WORK REQUIRED: Leave out the pictures and retype, exactly, the lines below from the line with "A home in Eugene" up to and including the line with "Lybracha Sena Pants", nothing more.
MATERIAL SHOWN START
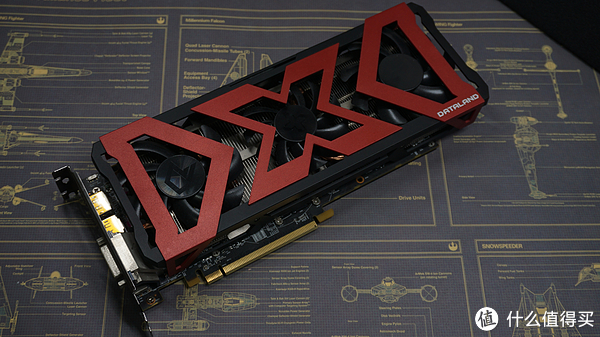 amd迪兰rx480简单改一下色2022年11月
MATERIAL SHOWN END
MATERIAL SHOWN START
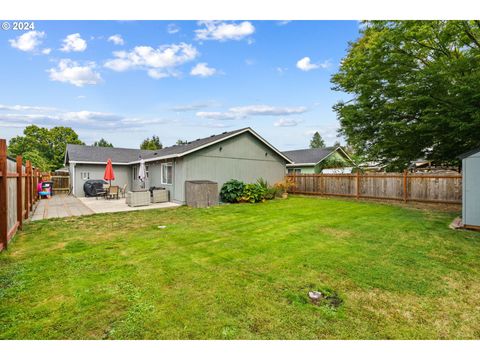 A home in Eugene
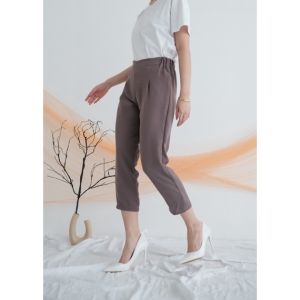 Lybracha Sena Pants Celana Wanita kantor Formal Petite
MATERIAL SHOWN END
RESULT OF THIS EXERCISE:
 A home in Eugene
 Lybracha Sena Pants Celana Wanita kantor Formal Petite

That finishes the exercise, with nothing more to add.